Unlike her first pregnancy, she did experience some Braxton hicks and cramping for about three weeks before she went into labor. The morning of May 18th, 2018, Jerika started having contractions that eventually turned into active labor. By 1:30 pm she called her husband to come home from work and things escalated quickly. He arrived at 1:45 pm and by 2:00pm contractions were only minutes apart and very intense. They quickly got in the car to make the 30 minute trip to the birthing center. 10 minutes into the drive her water broke and she quickly realized they were not going to make it. Her husband called 911 and was instructed to go to the nearest hospital. While in route to the hospital they realized they they wouldn't make it there either. The operator instructed them to pull over and walked her husband through the delivery of their second daughter. Paramedics arrived about 5 minutes after their daughter was born and they were transported to the hospital only a mile down the road.
When Lisa and her husband, Johnny found out they were expecting their first child, she knew she wanted to have an unmedicated birth in a birthing center.

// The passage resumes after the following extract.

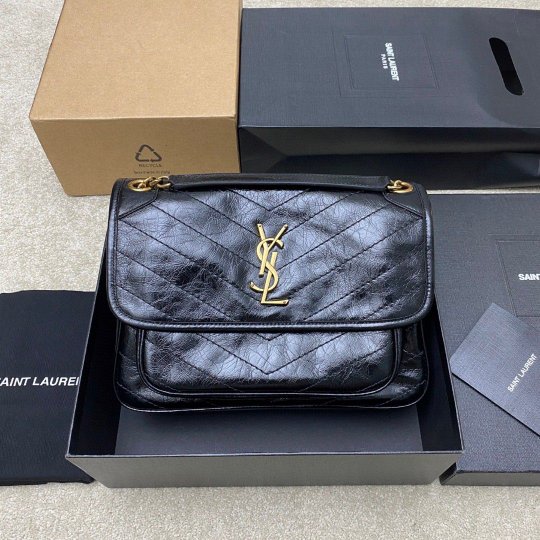 YSL Bag 633158 black oil~wax leather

After a pretty uneventful pregnancy, she was overjoyed to have the labor of her dreams. Lisa was thrilled to catch their daughter and the new parents were happily sent home after a brief stay at the center.
Just shy of a year later, Lisa and Johnny found out they were expecting again and they knew they’d have baby #2 at the birthing center. But, as fate would have it, Lisa became “high risk” when they learned that twins were in their future. Unable to deliver at a birthing center and living in a state were homebirths were illegal, Lisa had to face one of her biggest fears: giving birth in a hospital. The couple was faced with opposition from the medical staff and although there were some twists and turns along the way, she succeeded in having two more unmedicated births!